**How to complete this task**
From the first line to the last, please print the entries exactly, omitting pictures.

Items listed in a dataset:

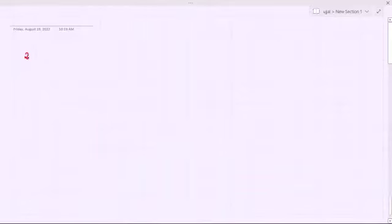Hello viewers and welcome to this video. In this video we will prove one theorem that says every permutation in Sn, for n strictly bigger than 1, is a product of two-cycles. Let us discuss what is meant by two-cycles first, and then we will discuss the theorem.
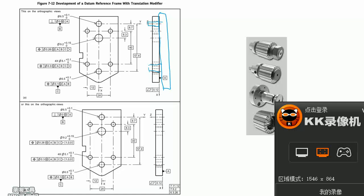Look at the circle diameter 9.2. The position datum reference frame is ABC. That means to position this circle, the datum A is the first important datum.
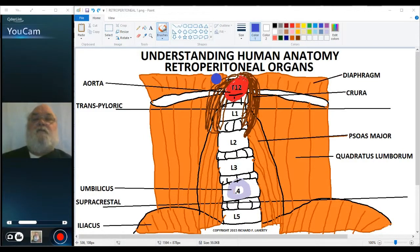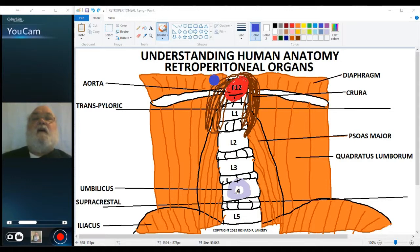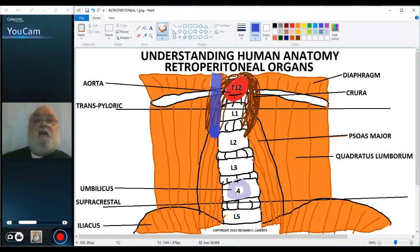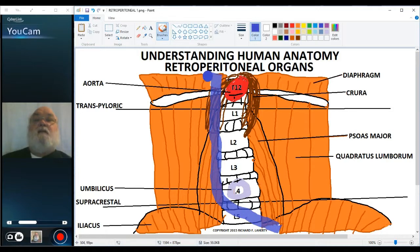Welcome back to Understanding Human Anatomy, and a continuation of the discussion of the retroperitoneal organs. Using the diagram we ended the last video on, I want to sketch in the inferior vena cava. The inferior vena cava comes down to about the level of L4 and then divides into a right and left common iliac vein.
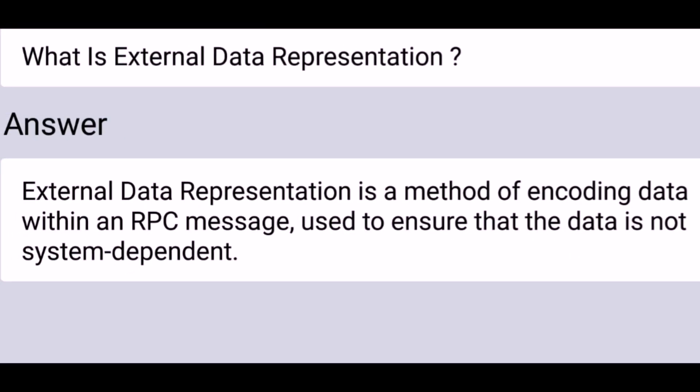What is external data representation? External data representation is a method of encoding data within an RPC message used to ensure that the data is not system dependent.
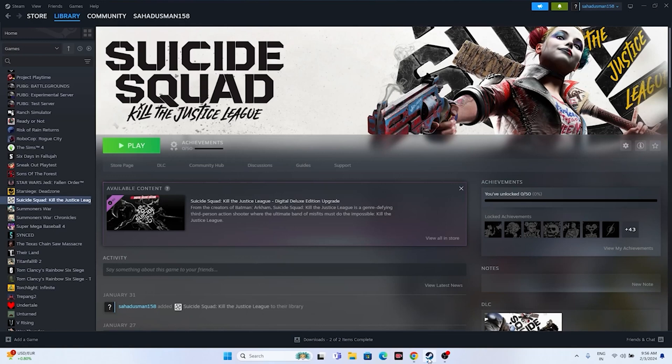In this video we're going to talk about how to fix Suicide Squad: Kill the Justice League issues including crashing, not launching, freezing, stuttering, lagging, low FPS drops, stuck on loading screen, and black screen issues which are happening for many users. Let's dive into the workarounds.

**Written solution**
Hello viewers and welcome to this video. In this video we will prove one theorem that says every permutation in Sn, for n strictly bigger than 1, is a product of two-cycles. Let us discuss what is meant by two-cycles first, and then we will discuss the theorem.
Look at the circle diameter 9.2. The position datum reference frame is ABC. That means to position this circle, the datum A is the first important datum.
Welcome back to Understanding Human Anatomy, and a continuation of the discussion of the retroperitoneal organs. Using the diagram we ended the last video on, I want to sketch in the inferior vena cava. The inferior vena cava comes down to about the level of L4 and then divides into a right and left common iliac vein.
What is external data representation? External data representation is a method of encoding data within an RPC message used to ensure that the data is not system dependent.
In this video we're going to talk about how to fix Suicide Squad: Kill the Justice League issues including crashing, not launching, freezing, stuttering, lagging, low FPS drops, stuck on loading screen, and black screen issues which are happening for many users. Let's dive into the workarounds.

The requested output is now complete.